- _Data shown_:
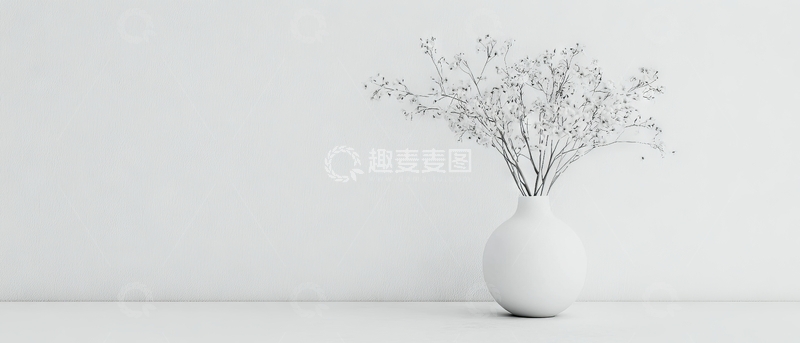 高清大图下载【趣麦麦图】白色花瓶中的枝条静物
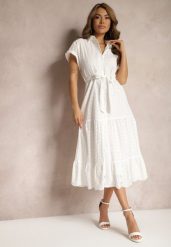 Biała Koszulowa Sukienka z Ażurowej Bawełny Wiązana w Talii Lulilena. Białe sukienki damskie Renee, na spacer, na lato, l, w ażurowe wzory, z bawełny, eleganckie, bez kołnierzyka, bez ramiączek, maxi, kopertowe. W wyprzedaży za 153.99 zł.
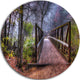 Beautiful Bridge Over Creek, Landscape Photo Round Wall Art, 11"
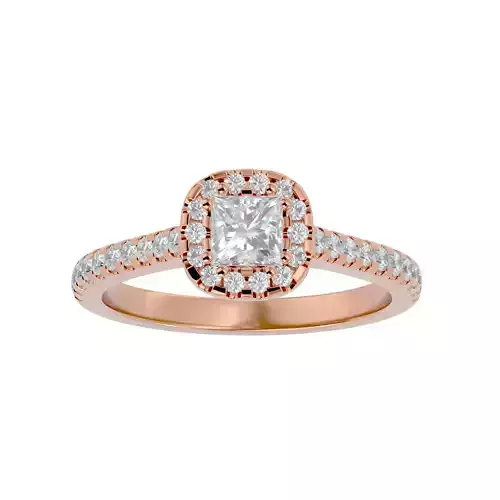 Princess Halo solitaire wedding engagement ring with 360 view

- _Work to complete_:
Drop the pictures and reproduce the rest of the data exactly.

- _Answer_:
 高清大图下载【趣麦麦图】白色花瓶中的枝条静物
 Biała Koszulowa Sukienka z Ażurowej Bawełny Wiązana w Talii Lulilena. Białe sukienki damskie Renee, na spacer, na lato, l, w ażurowe wzory, z bawełny, eleganckie, bez kołnierzyka, bez ramiączek, maxi, kopertowe. W wyprzedaży za 153.99 zł.
 Beautiful Bridge Over Creek, Landscape Photo Round Wall Art, 11"
 Princess Halo solitaire wedding engagement ring with 360 view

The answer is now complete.